Un don nadie en Ciudad de México

Por Fernando Calderón España.

Si, México es latinoamericano.

Esa pretensión de algunos por llevarlo a la esfera norteamericana está lejos en tierra, en mar, en aire, en piel, en ánima.

Un país que colinda con un territorio de sangre anglosajona, parte del cual perdió, y que tuvo una notoria influencia francesa y una más baja de otras nacionalidades europeas, se aferra como el animal a su instinto de supervivencia, de una manera inusitada y rebelde.

La revolución mexicana siguió siendo más Azteca, que el mismo deseo de encontrar la autonomía que tienen las raíces de las plantas, que se desparraman en el subsuelo para sostener firme lo que se expresa por fuera.

A una especie de cara de mostrar que no esconde su melanina y que es contraria a esa que se insinúa al otro lado del Río Bravo y que es pálida, gélida, y ahora más pálida y gélida por los cambios de temperatura que vienen animados por la perversidad humana, se le suman los otros rasgos de los antepasados que han descrito los antropólogos: cazadores, recolectores, labradores, pescadores que se pegan a las costumbres para hacer su faena diaria.

Los del otro lado, los de arriba, los blancos, también, han sido cazadores, recolectores y demás, pero pegados a la máquina que los hace más cómodos en su labor de llevar comida a su estómago y a su seno familiar. La rusticidad que disfrazamos con genes latinos no se ha ido y se ve en la decisión que se toma para abordar el compromiso de interrelacionarse.

En el aeropuerto, en el hotel, en el taxi, en el restaurante, el mexicano no deja de ser hijo de la laguna, del águila y el nopal. Del ombligo del lago.

Los colombianos somos colombianos por Cristobal Colón, o los venezolanos por Venecia.

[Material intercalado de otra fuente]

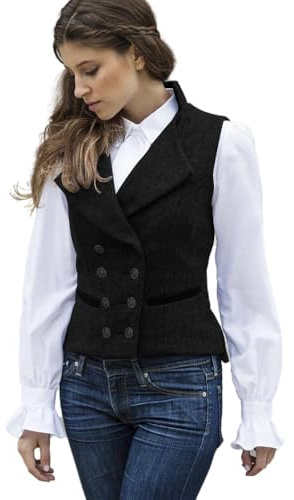 CAMDOM Gilet de costume vintage années 50 pour femme - Tweed Slim Fit - Col en V - Manteau à double boutonnage avec poches - Sans manches - Vestes blazer, Noir , XL grande taille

A pesar de eso, mexicanos y colombianos parecemos de la misma genética primitiva, esa que nos puso a vender piedras labradas con figuras duras, sin sonrisa. Y a vender una arqueología que nos emociona por el solo hecho de no conocer nuestro verdadero origen. O por tratar de saberlo.

La ciudad es tan suramericana, por lo populosa y popular. Lo primero por atiborrada de gente y lo segundo porque pareciera que todo es conocido por todos.

El trancón con alguna eternidad, más tolerable que en Bogotá, con un transmilenio y carriles para ciclistas que angostaron las calles, pero aliviaron la carga de pobreza de nuestros países, con exponentes de la malicia indígena en taxis y en otros servicios, con una división de clases cuyo odio no he visto, pero que debe existir, por el solo hecho de estar divididos; con unas angustias por el precio del dólar, por el último negocio oficial que salió mal como el de las pilas mexicanas que iban para el pueblo, a bajo precio, y resultaron en Polonia, con un Monsiváis que se recuerda por estos dias, cada rato, como a Garcia Márquez en Colombia, con alertas de raponazo, con tacos, con picante y muchos güeys, no me hace sentir un extraño.

Me parece tan cotidiano, como si viniera de Bogotá, -otra urbe cuyo nombre deriva del muisca Bacatá, como México del náhuatl Mēxihco, que significa el ombligo de la laguna- en donde, también, soy un don nadie, como aquí.